Lo suyo era el deporte. Incluso estando enfermo. Por eso, mientras Junior –su hermano seis años mayor– se divertía haciendo ‘bailar’ un trompo, volando una cometa y lanzando globos en carnavales, a él le bastaba con jugar fútbol en la pista. Y por eso, además, en las Navidades pedía una pelota (y un PlayStation que, por motivos económicos, nunca llegó).
Sin embargo, a María y Jorge les costó aceptar la idea de tener un hijo futbolista. Querían un profesional con zapatos y no uno con chimpunes. Pero ‘Pikirín’, como lo llama su gente, no pararía hasta seguir los pasos de su primo y también zaguero, Manuel Marengo.

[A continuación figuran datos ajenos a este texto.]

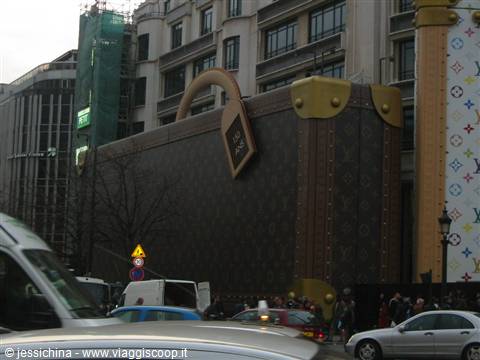 Giant suitcase-shaped facade with monogram pattern, traffic and pedestrians on the Champs-Élysées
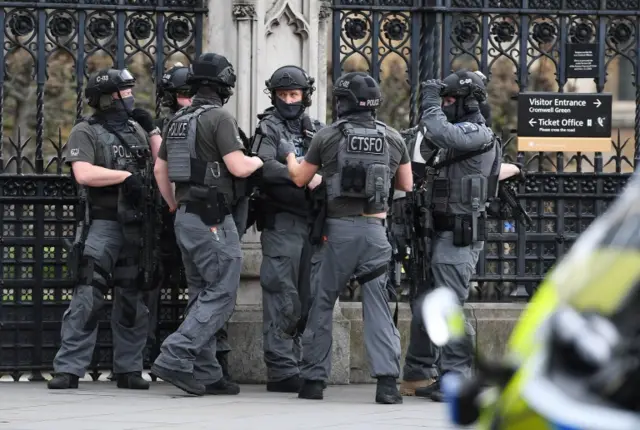 Armed police outside Houses of Parliament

Dentro de una cancha convenció a sus ‘viejos’ y al club Amigos de la Policía, su trampolín –con 13 años– a Cristal. El tiempo y Ricardo Gareca le dieron un lugar en el ‘11’ de la ‘sele’. Su esfuerzo, además, le permitió darse gustos. Darle a su hijo el Play que él siempre quiso fue uno. Ofrecerle una nueva casa a sus papás fue otra. Aunque a María nadie la saca de San Juanito. Ya saben: lo que mamá dice es ley.